[Information supplied]

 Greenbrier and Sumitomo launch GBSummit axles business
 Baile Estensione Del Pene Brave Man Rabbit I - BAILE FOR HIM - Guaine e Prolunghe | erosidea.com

[/Information supplied]
[Information supplied]

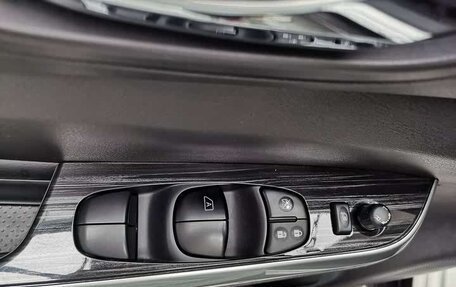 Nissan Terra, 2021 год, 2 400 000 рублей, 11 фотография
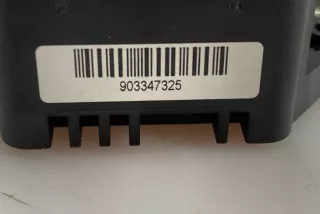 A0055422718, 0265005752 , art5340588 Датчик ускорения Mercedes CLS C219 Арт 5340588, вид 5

[/Information supplied]

## Your objective
Repeat exactly the stretch of the listing above that starts with the line holding "Nissan Terra, 2021" and finishes with the line holding "A0055422718, 0265005752 , art5340588", both included. Skip every picture.

## Solution
 Nissan Terra, 2021 год, 2 400 000 рублей, 11 фотография
 A0055422718, 0265005752 , art5340588 Датчик ускорения Mercedes CLS C219 Арт 5340588, вид 5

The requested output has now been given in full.